Judge Lerner said he didn't think the case signaled a need "where the whole system needs to be changed."

He added: "The cure or remedy for this type of error is for everyone involved to be more careful. I learned that lesson in this case. I am more careful."

Lerner said the system could be improved if the clerk filled out a single online document, which the judge would sign electronically, and which then would be sent by computer to the prison.

Dembe agreed that "to the extent we can do things electronically and compress things . . . I think that's a good idea."

 

Gone, and unaware

The Philadelphia Police Department declined to release a photo of Sanchez, citing its policy of not releasing mug shots beyond 30 days of an arrest.

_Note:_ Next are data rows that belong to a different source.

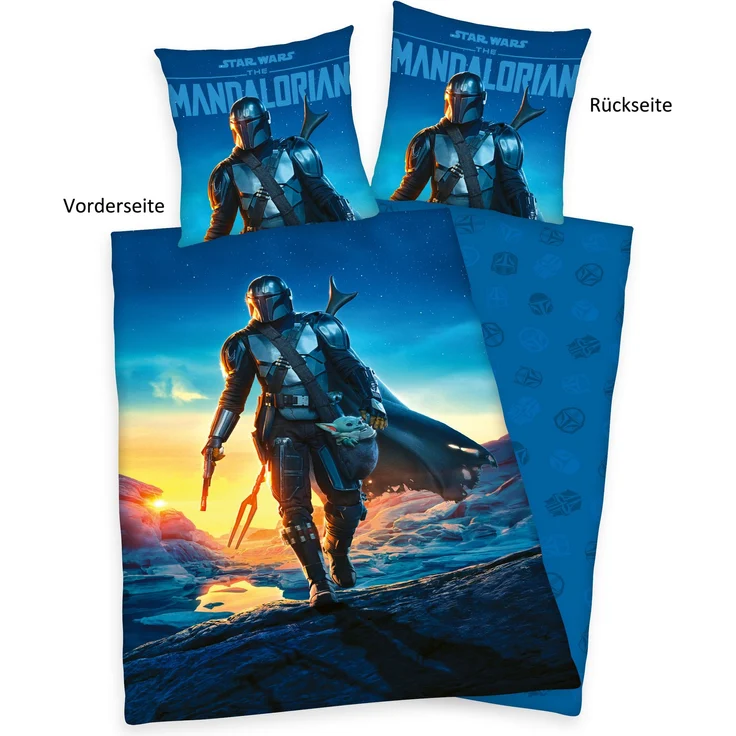 Star Wars Wende Bettwäsche Set The Mandalorian 2 tlg. 135 x 200 cm 80 x 80cm - Preisvergleich – Bild 1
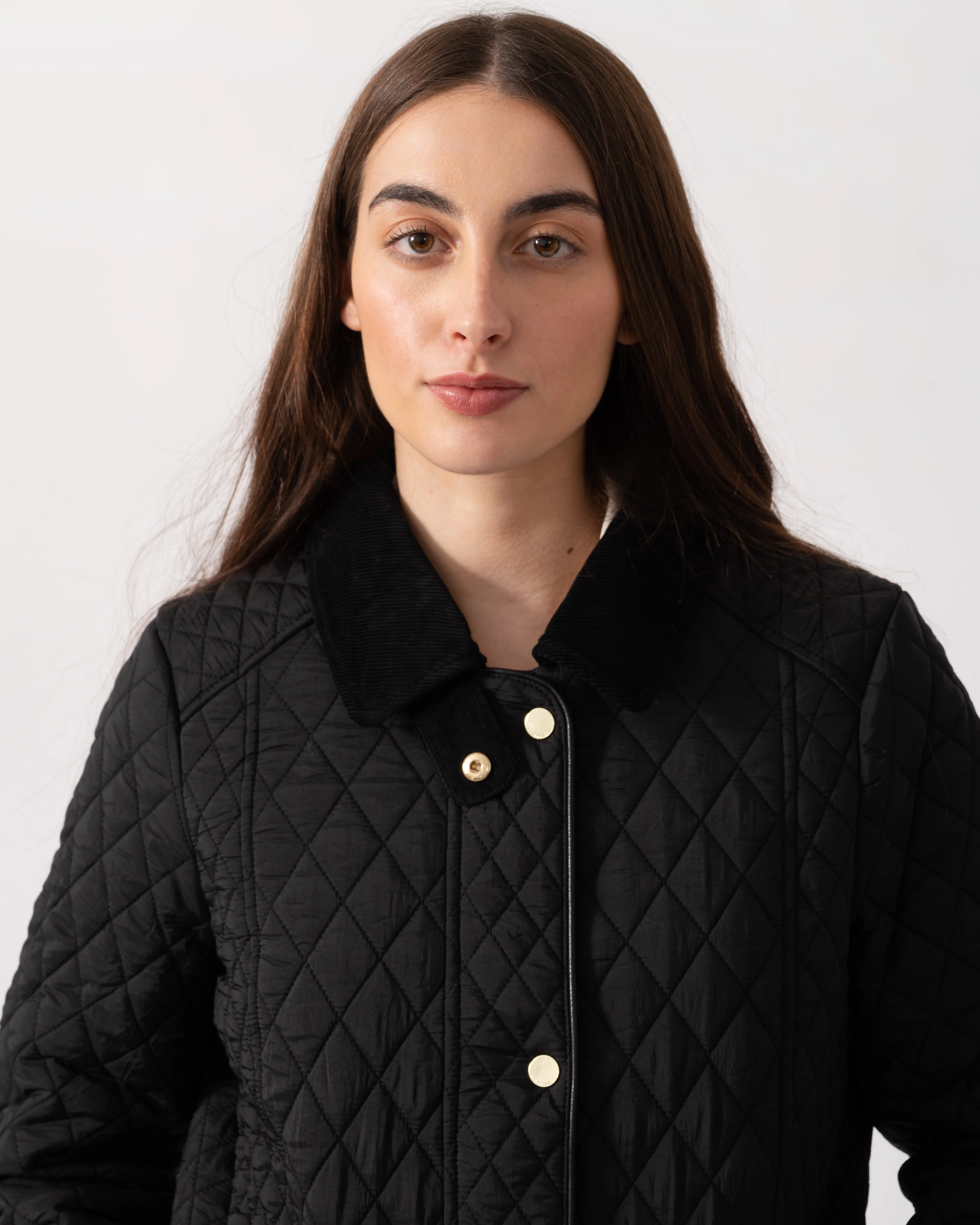 Joules Rosewell Womens Long Diamond Quilt Jacket - Black - Image 4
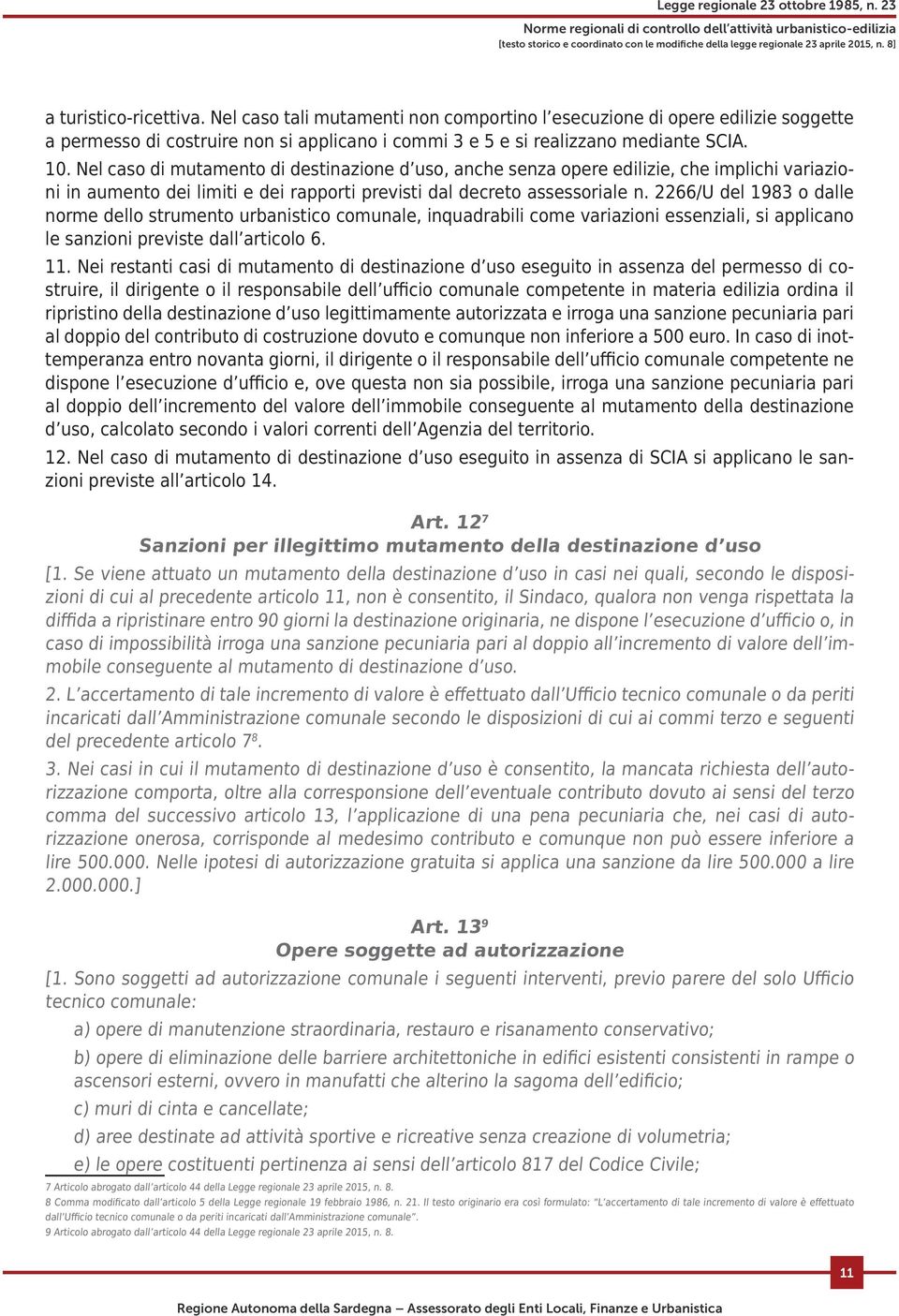 2266/U del 1983 o dalle norme dello strumento urbanistico comunale, inquadrabili come variazioni essenziali, si applicano le sanzioni previste dall articolo 6. 11.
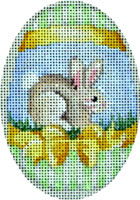click here to view larger image of Tan Bunny Yellow Bow Egg (hand painted canvases)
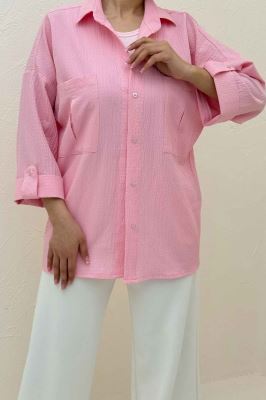 شومیز مانتویی آستین پاگن اطلس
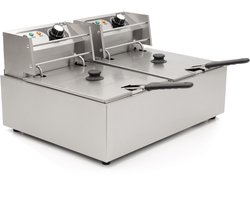 HCB® - Professionele grote Horeca frituurpan - Dubbele friteuse - 2 x 6 liter - 2 x 230V - RVS / INOX frietketel - frietpannen - frietpan - 44x57x31.5 cm (DxBxH) - 5000W - 2579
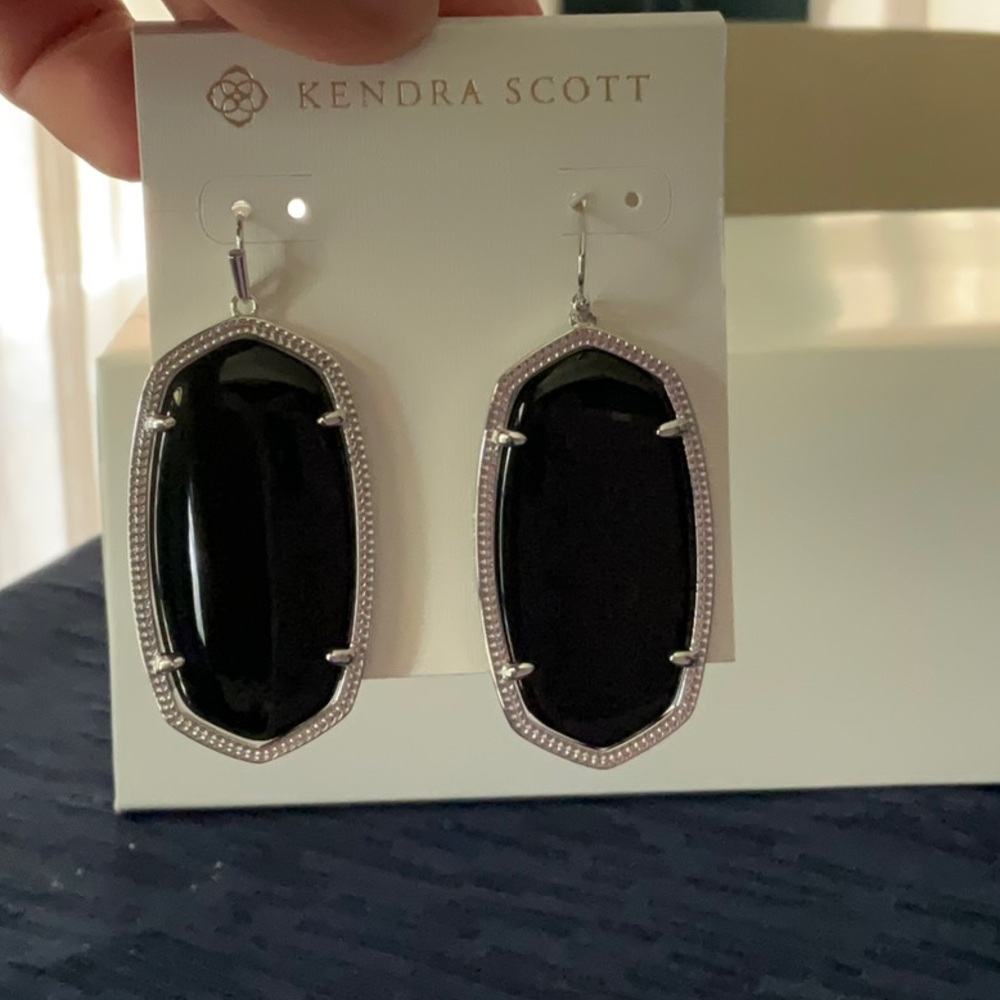 Kendra Scott Onyx and Silver Drop Earrings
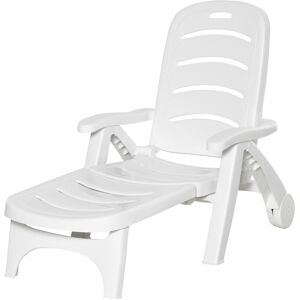 Outsunny 2PCs Outdoor Folding Sun Lounger Recliner on Wheels w/ 5-Position Backrest, White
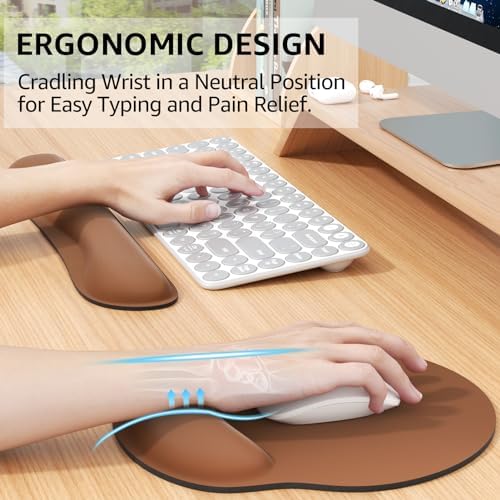KTRIO Keyboard Wrist Rest & Mouse Pad with Wrist Rest, Coffee Brown | Memory Foam Wrist Support, Ergonomic Design, Non-Slip Base, Office and Home Use - Image 2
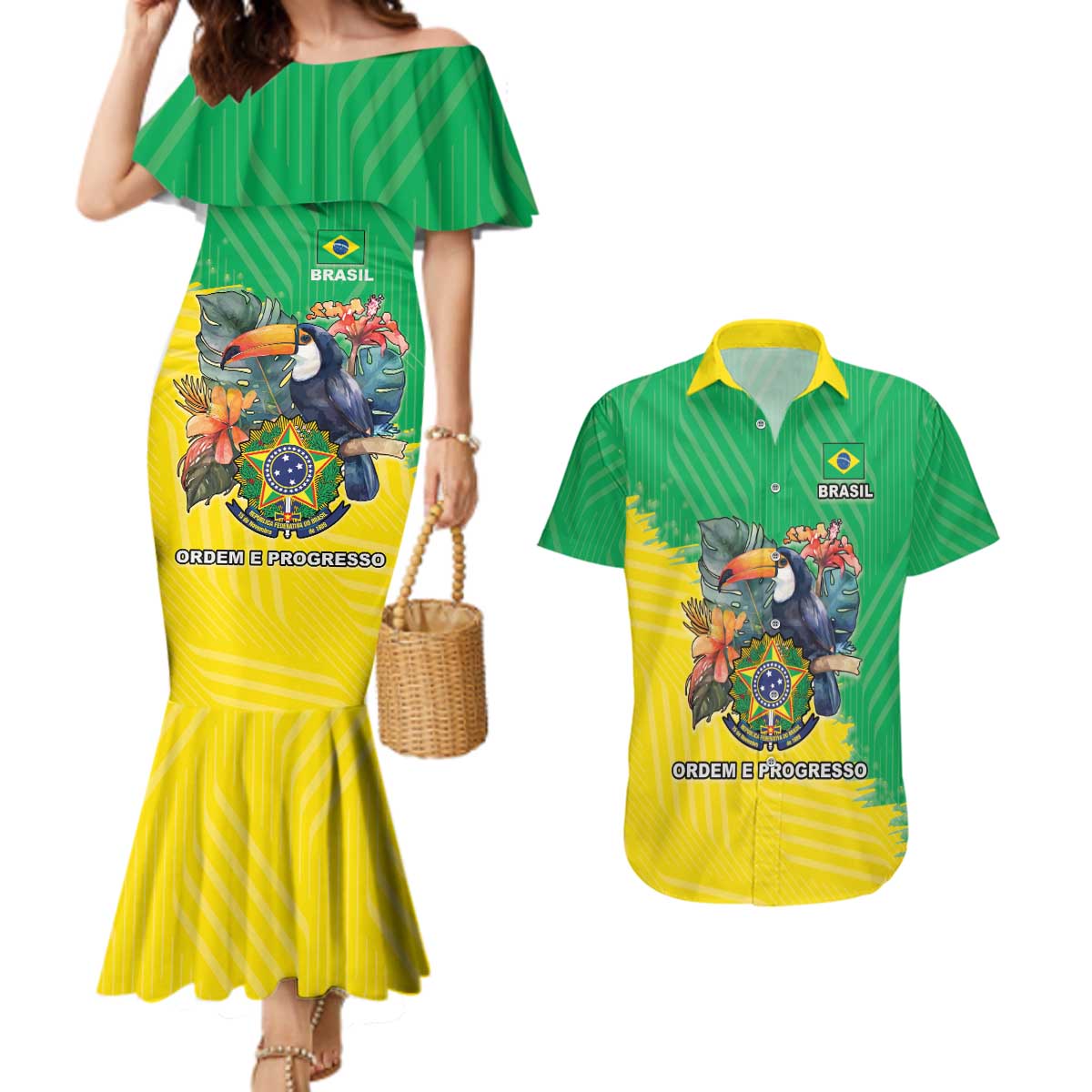 Brazil Coat Of Arms Couples Matching Mermaid Dress and Hawaiian Shirt With Flag Style - Wonder Print Shop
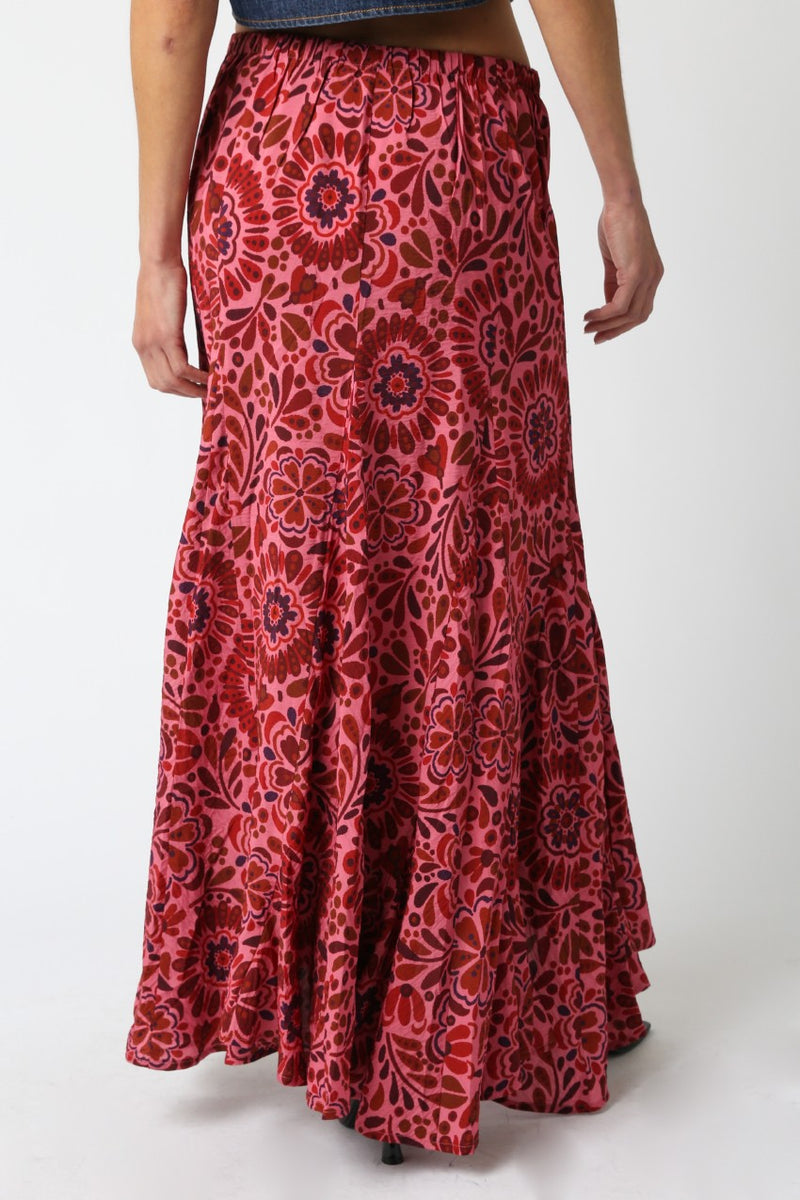 Finally Fall Skirt- Pink Red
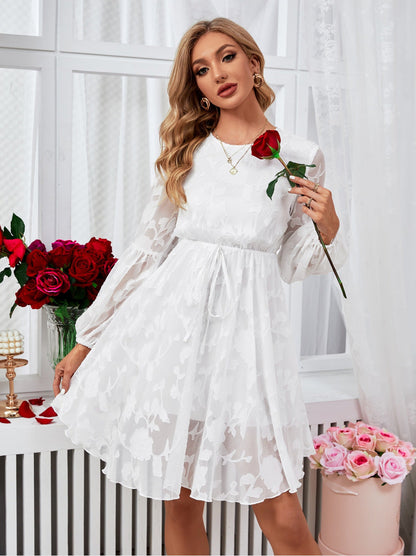 Women Spring Autumn Summer Elegant Floral Dress Long Sleeve Dress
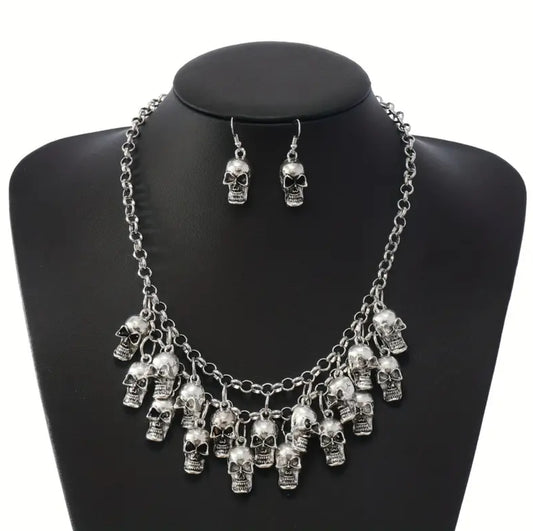 Skull Dangle Necklace and Earring Set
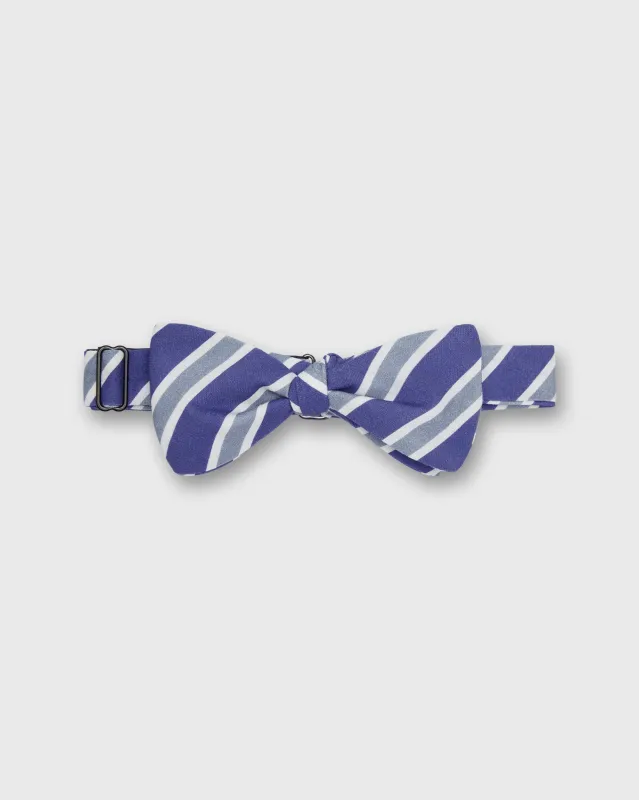 Cotton Bow Tie in Blue/Gray Clearwood Stripe made by Sid Mashburn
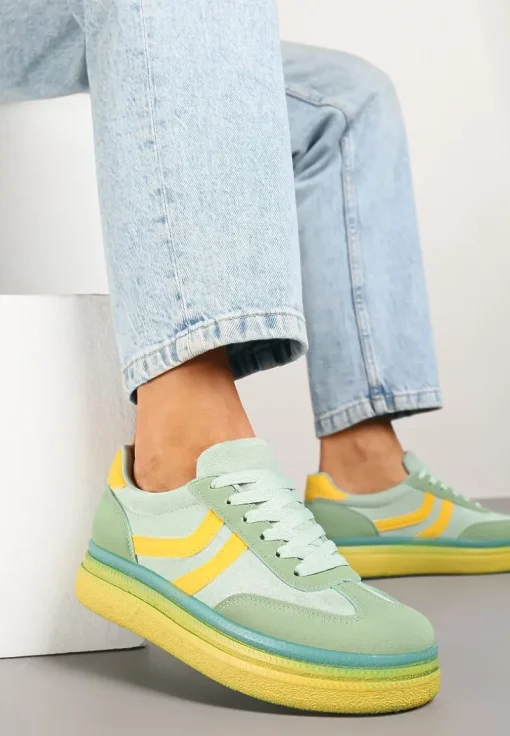 Zielono-Żółte Sneakersy Typu Kultowe Tenisówki na Niskiej Platformie Olritia
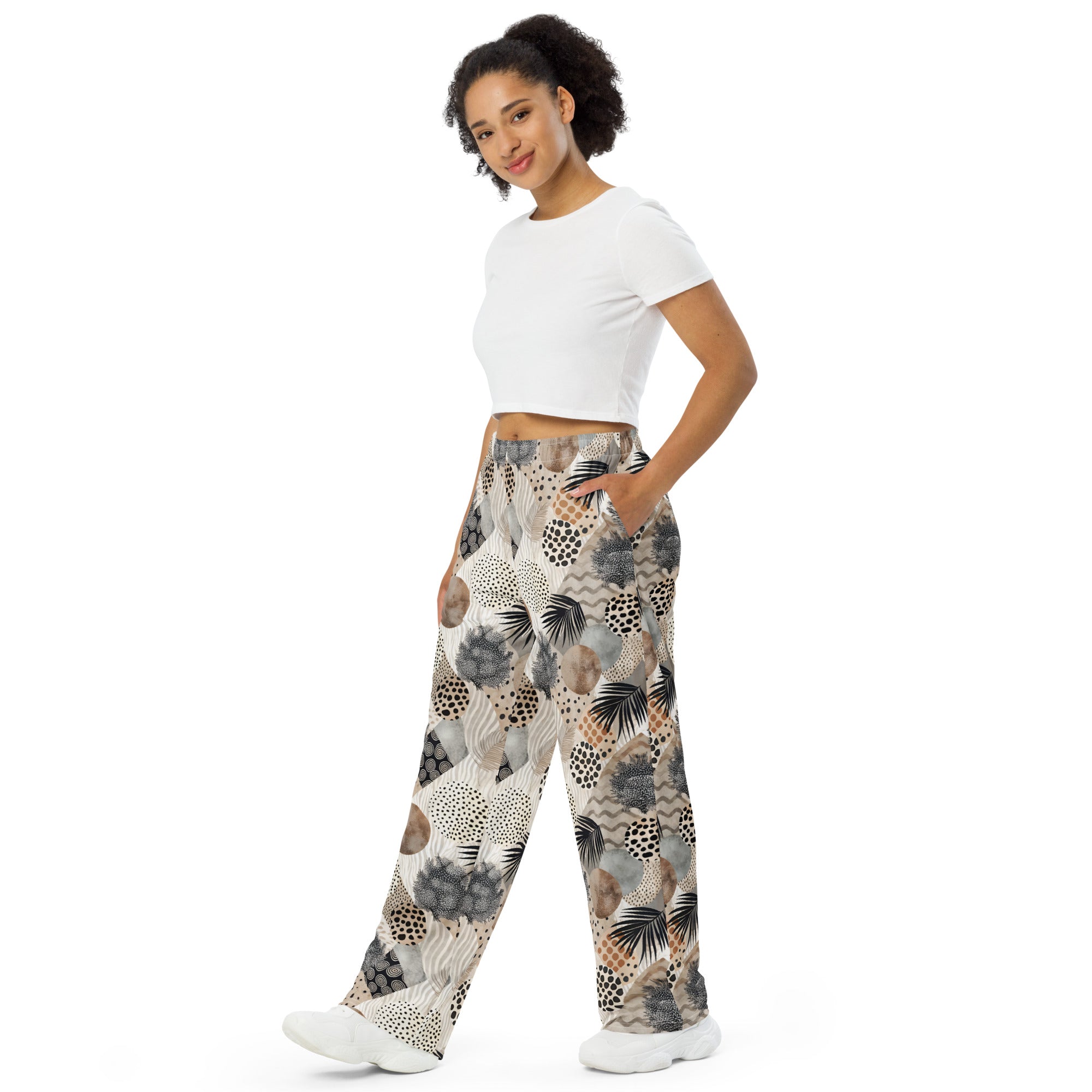 unisex wide leg pants Artsy Animal Print Design IV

Sanchez lived on Sheridan Street near Oregon Avenue, in South Philadelphia, with a few male roommates, neighbors said.

On the day of the accident, he was driving a white truck owned by GTM Landscaping. A call to the business owner, George T. Maloney, was referred to attorney Katherine Douglas. Douglas declined to comment.

Sanchez's neighbors, Robert Pearce, 48, Robin Zeoli, 48, and Leo Mari, 46, said they had never spoken to him, but had sometimes seen him coming home in the evening drunk.

They said they realized who he was after he was arrested, and then they no longer saw him.

William Bowe, Sanchez's court-appointed attorney, said he found out that Sanchez was not in state prison when the D.A.'s office asked Lerner to issue a bench warrant for him.

He said he has no idea where Sanchez lived in Mexico and had no contact with Sanchez's family.

"I doubt he understood he was wrongly released," Bowe said.

Bowe said Sanchez "was very remorseful" for driving drunk and killing another man.